Sans surprise, la Banque du Japon a décidé mardi de maintenir en l'état sa politique monétaire et son gouverneur a relativisé les récentes faiblesses de l'économie, semblant écarter un assouplissement à court terme.

La tendance des prix est sur une voie ascendante, a assuré Haruhiko Kuroda lors d'une conférence de presse. Selon lui, la situation n'est pas comparable au scénario de fin octobre 2014 quand la Banque du Japon avait étendu son programme de rachat d'actifs.

Et si l'archipel a vu les prix à la consommation reculer en août pour la première fois en plus de deux ans, c'est la chute des prix de l'énergie, et elle seule, qui est en cause. Mais une fois que cet impact se sera dissipé, l'inflation se redressera pour atteindre l'objectif de 2% courant 2016.

«Si nécessaire nous prendrons des mesures supplémentaires sans hésiter», a cependant ajouté le gouverneur, reprenant la formule consacrée.

De nombreux acteurs parient sur un geste de la banque centrale lors de sa réunion du 30 octobre, date à laquelle l'institution devrait, selon des informations de presse, réviser négativement ses prévisions de croissance et d'inflation.

Pour l'heure, les neuf membres du comité de politique monétaire ont reconduit, à huit voix contre une, le dispositif d'assouplissement qualitatif et quantitatif visant à augmenter la base monétaire de 80 000 milliards de yens par an (près de 868 milliards de dollars CAD).

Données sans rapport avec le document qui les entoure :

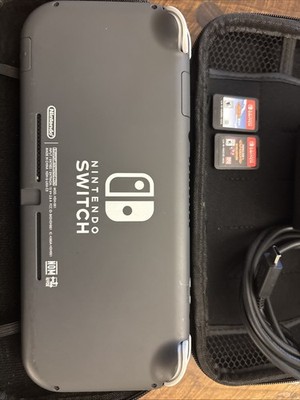 Nintendo Switch Lite HDH-001. Comes With Charger And Case. Comes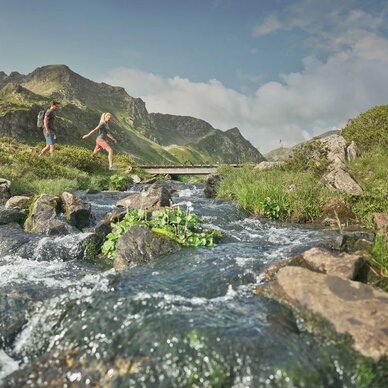 Two hikers cross a rocky stream in a mountain landscape.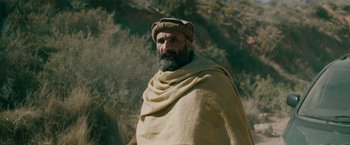 Movie still from “The Covenant” (2023), directed by Guy Ritchie – A man with a beard wearing a blanket and a hat; Medium shot, Over the shoulder angle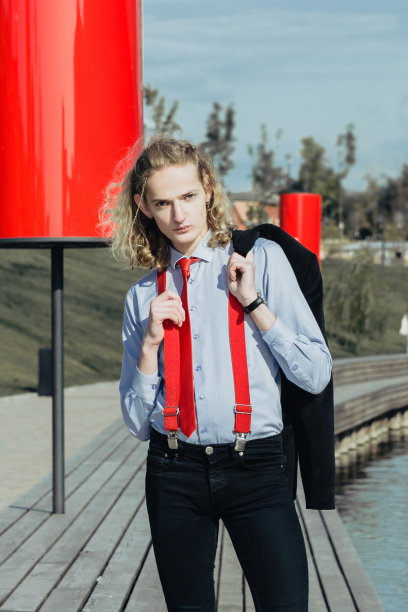 一名年轻英俊的男性模特的全长肖像穿着西装和红色领带和背带摆姿势在河堤上。图片下载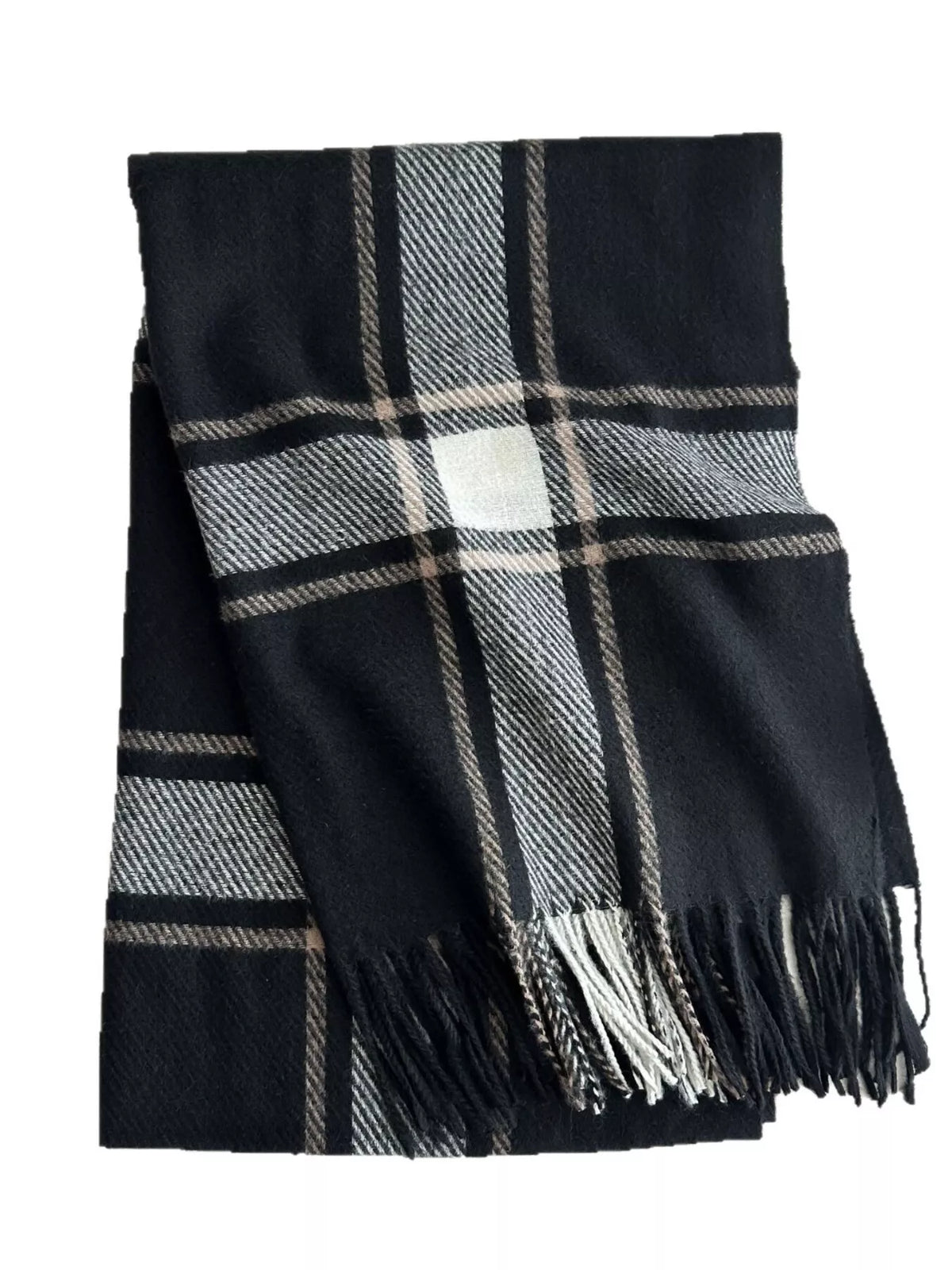 Detail shot of woven plaid texture and fringe tassels on winter scarf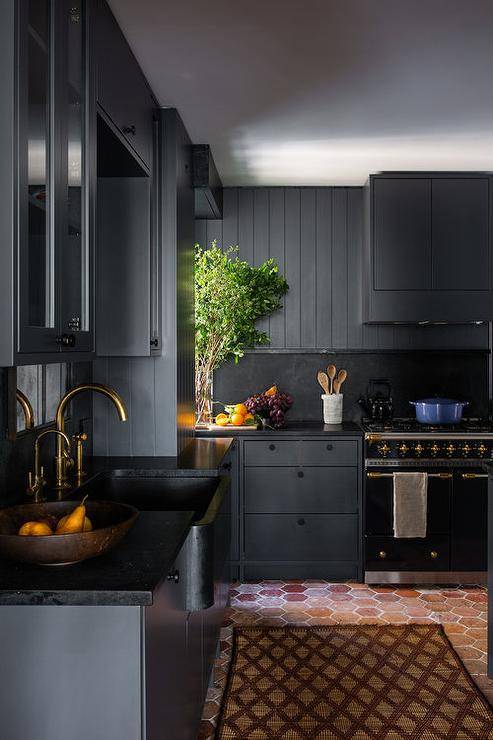 Black kitchen design features black plank cabinets with a black range hood over a black marble slab backsplash and black French stove and red brick hexagon floor tiles.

«L'économie japonaise continue de se redresser modérément», a estimé la Banque du Japon dans un communiqué quasi identique à celui de mi-septembre. Elle avait alors pris acte pour la première fois des aléas extérieurs, ce qu'elle répète: «Les exportations et la production industrielle sont affectées par le ralentissement des économies émergentes», en particulier de la Chine.

Hormis cette concession, elle a de nouveau dressé un tableau positif, jugeant que la consommation des ménages se porte bien «sur fond d'amélioration des conditions d'emploi et des revenus», de même que l'investissement des firmes qui peuvent s'appuyer sur de solides profits. «Le cercle vertueux fonctionne», a insisté M. Kuroda.

Des Abenomics qui s'essoufflent

Seul ajout notable, une référence au moral des entrepreneurs, «qui se maintient dans l'ensemble à un niveau favorable, bien qu'une certaine prudence ait pu être observée en certains endroits». La banque centrale fait ainsi référence à l'enquête Tankan publiée la semaine dernière, qui a révélé un déclin du moral des grandes entreprises manufacturières.

Les observateurs ont accueilli avec circonspection ce diagnostic résolument optimiste, à contre-courant de statistiques décevantes.

Le Fonds monétaire international (FMI) a abaissé mardi à 0,6% sa prévision de croissance en 2015 pour le Japon, timide rebond après un recul de 0,1% en 2014. La troisième puissance économique mondiale se situe à la traîne des autres économies avancées (+2,6% en 2015 aux États-Unis, +1,5% pour les quatre pays phares de la zone euro - Allemagne, France, Italie, Espagne).

Devant l'essoufflement de la politique de relance «Abenomics», l'institution a appelé le gouvernement du premier ministre conservateur Shinzo Abe à mettre en place des «réformes structurelles énergiques».

Les exportations ont fléchi en volume en août et la production industrielle a accusé une baisse inattendue, si bien que désormais les économistes redoutent une rechute de l'archipel en récession - deux trimestres consécutifs de repli du PIB.